Comment Israël détourne les tueries à Gaza pour éviter d'être tenu responsable

Comment Israël détourne les tueries à Gaza pour éviter d'être tenu responsable
  • Plus de 38 000 Palestiniens ont été tués lors de l'assaut militaire d'Israël contre la population civile de la bande de Gaza, qui dure depuis neuf mois. Cependant, selon la revue médicale The Lancet, le nombre de décès serait plus proche de 186 000
  • Contrôler les médias et restreindre et censurer la couverture médiatique dans une zone de conflit est la première étape pour contrôler le récit

Plus de 38 000 Palestiniens ont été tués lors de l'assaut militaire d'Israël contre la population civile de la bande de Gaza, qui dure depuis neuf mois. Cependant, selon la revue médicale The Lancet, le nombre de décès serait probablement plus proche de 186 000, soulignant ainsi la difficulté de mesurer le carnage en raison des restrictions imposées par Israël sur la couverture médiatique du conflit à Gaza.

Israël n'intègre des journalistes à son armée dans la bande de Gaza que s'ils acceptent de permettre à ses censeurs de revoir tous les reportages et vidéos. Les journalistes qui refusent se voient interdire l'entrée dans la bande de Gaza. Cependant, des journalistes indépendants basés à Gaza, principalement issus de médias arabes, ont couvert le carnage israélien et beaucoup d'entre eux ont payé le prix ultime pour avoir cherché à rapporter la vérité.

Selon le Comité pour la protection des journalistes, 108 journalistes ont été tués dans la guerre et beaucoup d'autres blessés. C'est la période la plus meurtrière pour les journalistes dans l'histoire de l'organisation, qui a commencé à documenter les décès de médias en 1992.

La semaine dernière, un journaliste de CNN a souligné que ses reportages n'étaient ni censurés ni révisés par l'armée israélienne, bien qu'il n'ait interviewé que le porte-parole israélien sur ce qui se passait à Gaza.

Contrôler les médias et restreindre et censurer la couverture médiatique dans une zone de conflit est la première étape pour contrôler le récit.

                                                                  Ray Hanania

Contrôler les médias et restreindre et censurer la couverture médiatique dans une zone de conflit est la première étape pour contrôler le récit. Et Israël doit s'assurer que son interprétation est dominante car, tandis que les militants du Hamas ont tué environ 1 200 Israéliens le 7 octobre, y compris certains soldats, les Israéliens ont tué environ 30 fois plus de Palestiniens, y compris certains militants du Hamas.

Contrôler les reportages permet à Israël de mentir au public sur ce qu'il fait et de brouiller la réalité du carnage. Par exemple, la majorité des personnes tuées par Israël seraient des civils. L'ONU a estimé en mai que 69 % des décès signalés étaient des femmes et des enfants. Mais parce qu'Israël refuse de permettre aux travailleurs de l'ONU de surveiller les tueries de première main, les interdisant d'accéder à une grande partie de la bande de Gaza, l'ONU a révisé son estimation à 52 % quelques jours plus tard.

Les experts israéliens n'ont pas précisé la cause de cette révision, mais ont souligné que le chiffre était exagéré.
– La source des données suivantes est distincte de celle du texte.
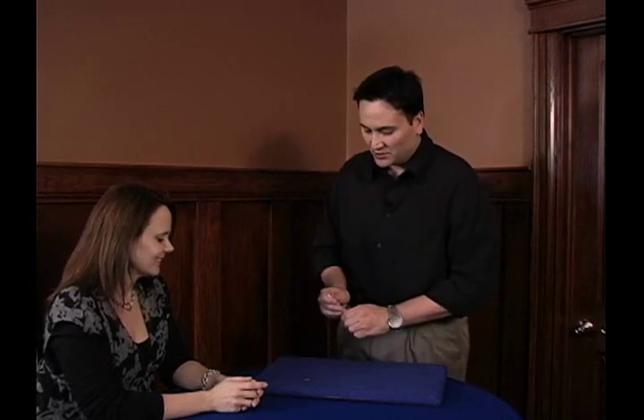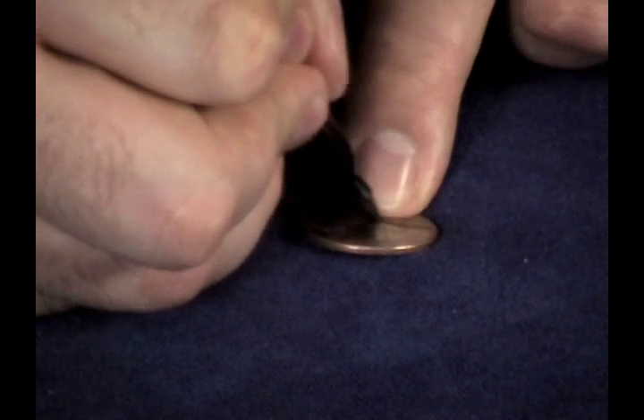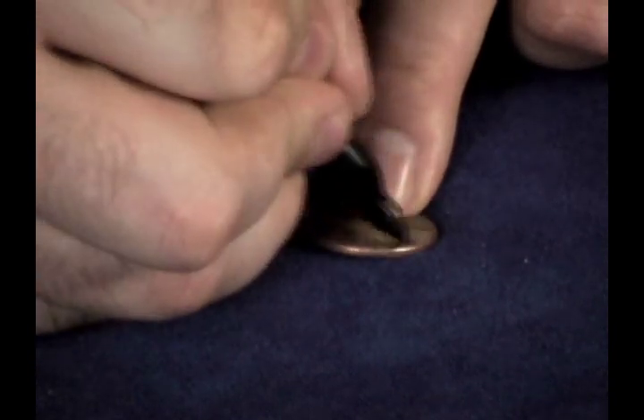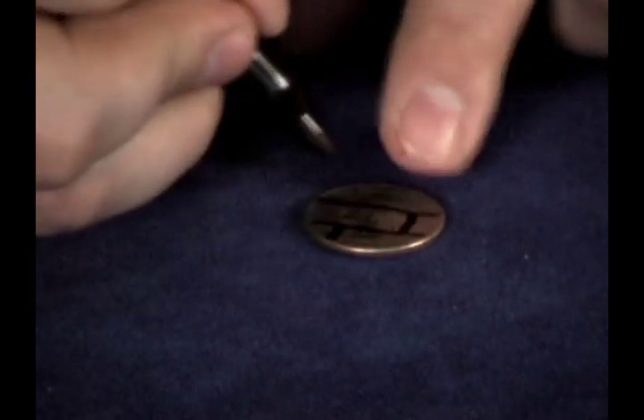I've got a quarter over here, and I'm going to try to show you a neat little brain teaser. What I do is I draw two lines across the coin just like that, sort of horizontal lines, and I'm going to draw three little vertical lines just like so.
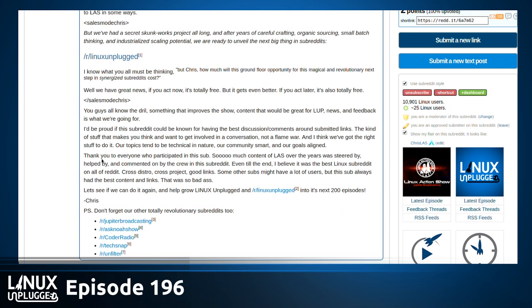They're all rocking and rolling too. Maybe in the next 200 episodes, the Linux Unplugged subreddit will blow up. Do you think it's crazy to launch a subreddit in 2017? It makes sense — we're taking a risk but trying it again.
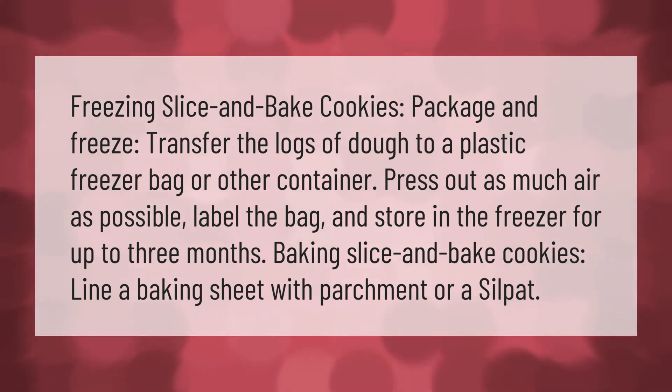Baking slice-and-bake cookies: line a baking sheet with parchment or a Silpat. Thank you for watching — please subscribe and hit the bell notification.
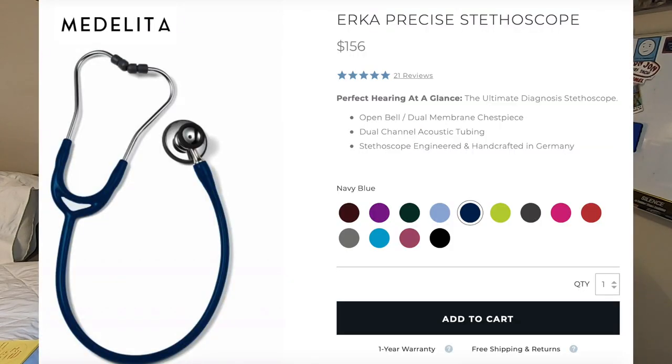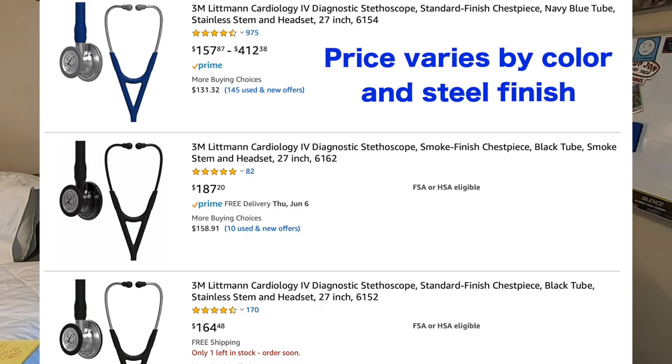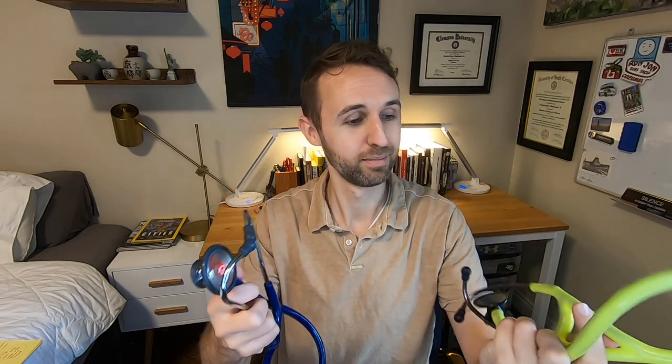The Urca that I've been using for the past two weeks is called the Urca Precise. It actually compares to the Cardiology III and IV. The Cardiology IV on the Lippmann side is what replaced the III — basically the same make and finish, though they say they've amplified the quality of sound in the Cardiology IV. Anyway, the Urca Precise is supposed to compare to the Cardiology IV. In this case, I'm going to be comparing it to the Cardiology III, because that's all I've used.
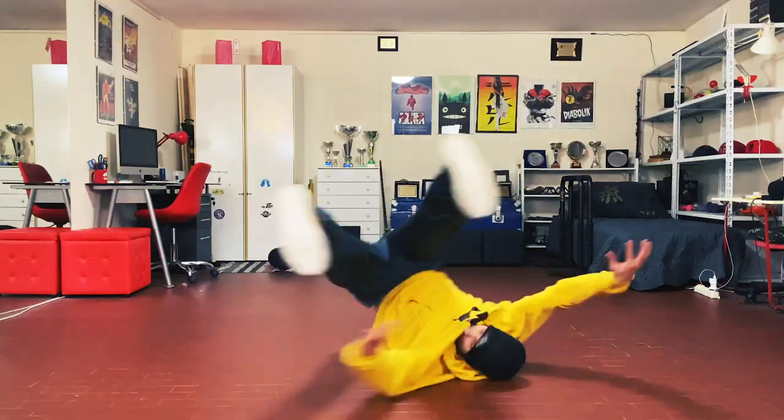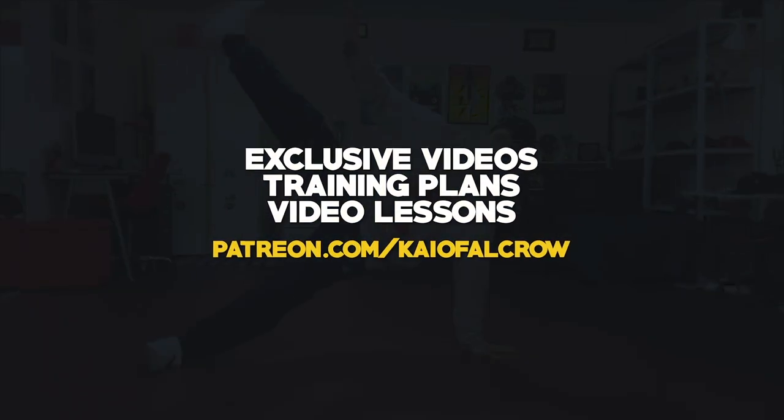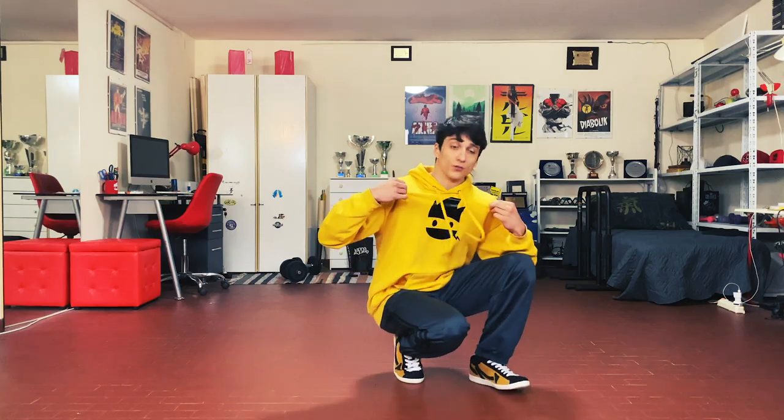Welcome to the Tombstone Windmill Tutorial! Before trying this move, make sure you can do a very good windmill and a very good munchmill or baby windmill. If you want me to help you with your power move progress, check out my Patreon link in the description. You will also find exclusive tutorials. And if you want, check out my merch, also link in the description.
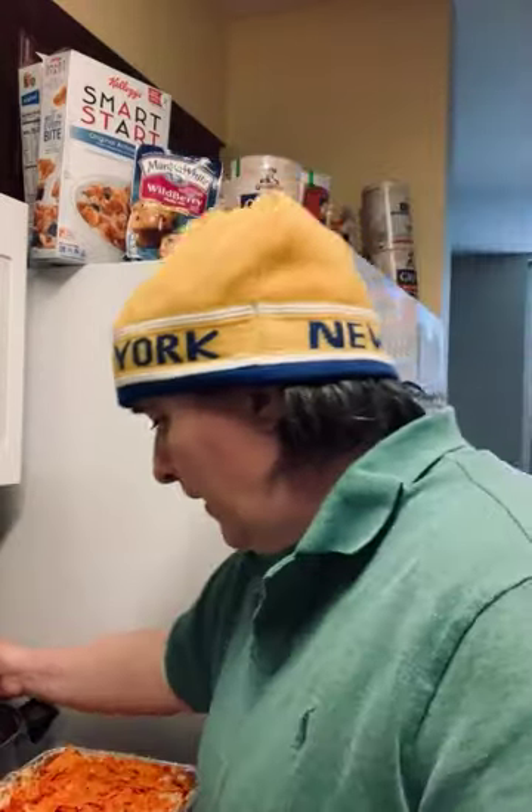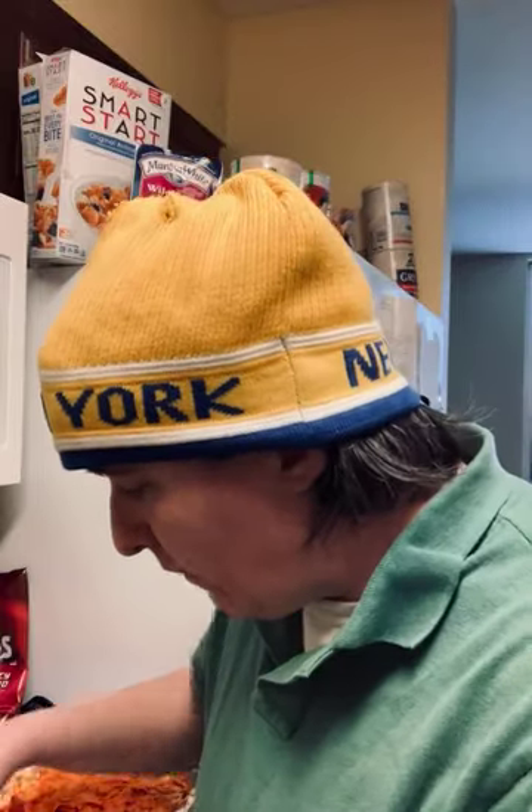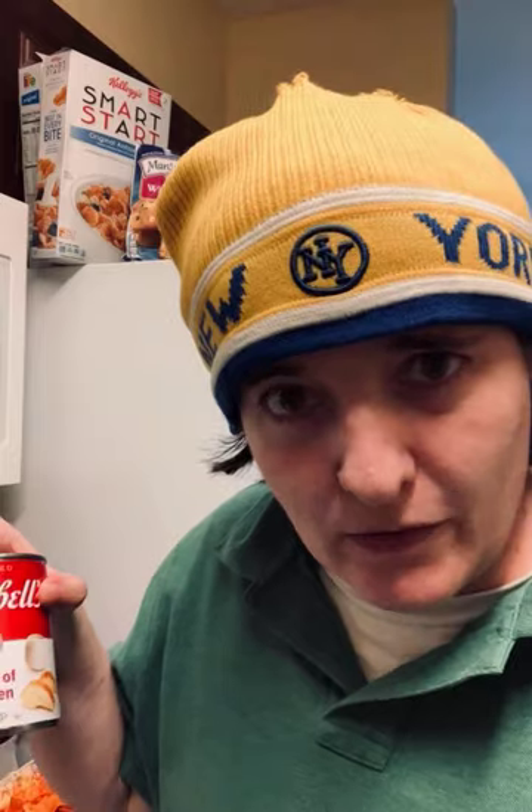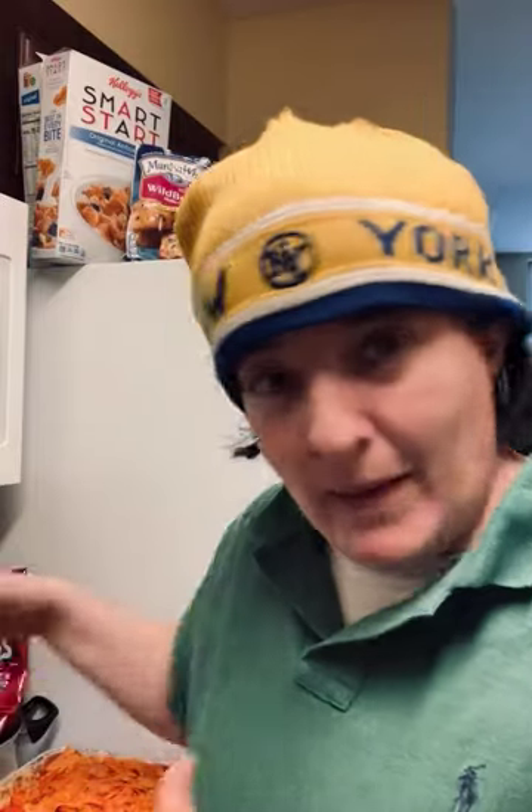It's an easy recipe for Dorito casserole. All you do is cook some chicken or shred a rotisserie chicken, and add it to a goop made of sour cream, cream of chicken soup, and taco seasoning. You mix it up, and you can add cheese to that goop if you want.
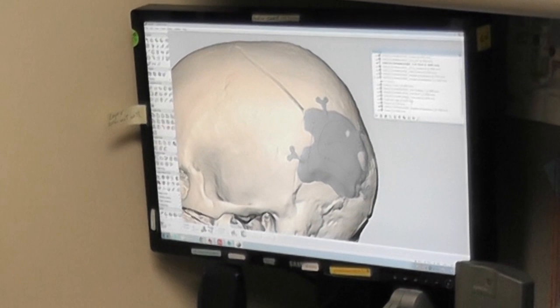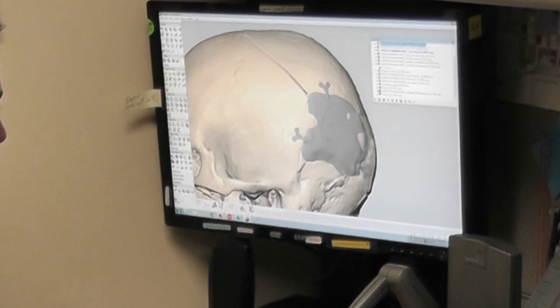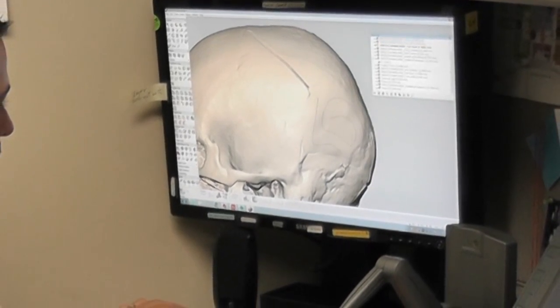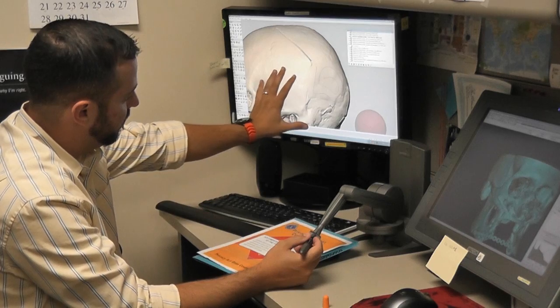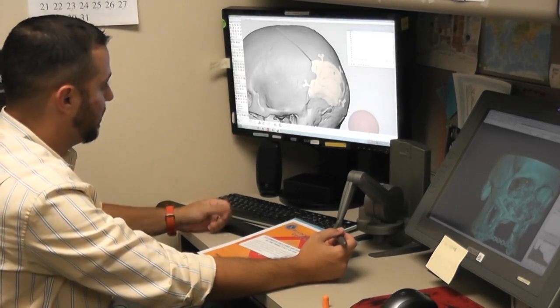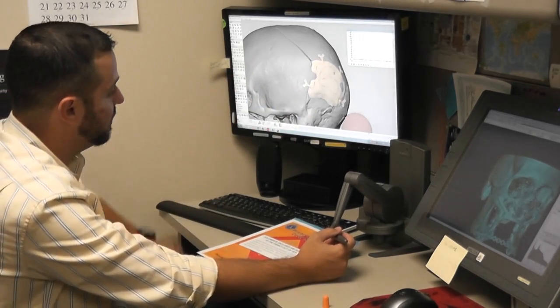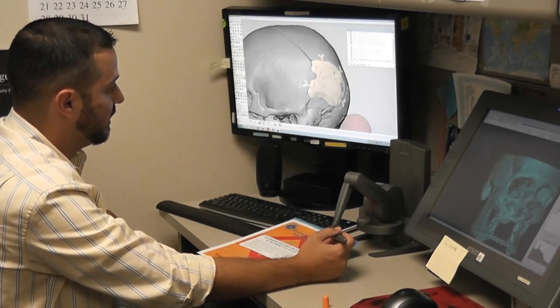Over here I actually did design an implantable part. This patient, as you can see right here, is missing a big part of his head. Here I have put back pretty much his missing part. There are a few steps that go into that — after that, we add the fixations so that it can actually be drilled into his head.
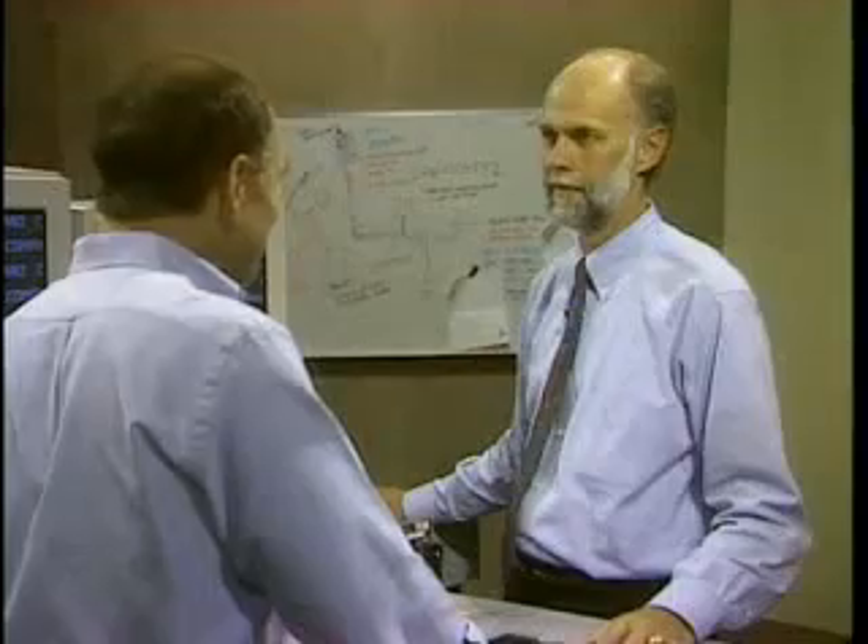The key, of course, to buying a Pentium PC is getting improved performance. But how much better is a Pentium than a good 486? Here to show us is Ron Ulfers of Compaq.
En fait, le Times of Israel a incorrectement déclaré que l'ONU avait « fortement révisé » à la baisse le nombre de femmes et d'enfants « identifiés » tués. « Les nouvelles chiffres ... réduisent de plus de moitié le nombre de femmes et d'enfants précédemment rapporté comme ayant été tués pendant la guerre, bien que d'autres décès 'non enregistrés' puissent être en attente », a-t-il rapporté. Cependant, une réduction de 69 % à 52 % n'est pas « plus de moitié », mais ce qui ne peut être considéré que comme une révision « légère ». Même si le chiffre est de 52 %, cela représente toujours plus de 19 000 femmes et enfants — dont nous sommes au courant.

Cela doit être une « victoire » pour la propagande israélienne et une conséquence du contrôle de la couverture médiatique de la zone de guerre qu’Israël continue de dominer.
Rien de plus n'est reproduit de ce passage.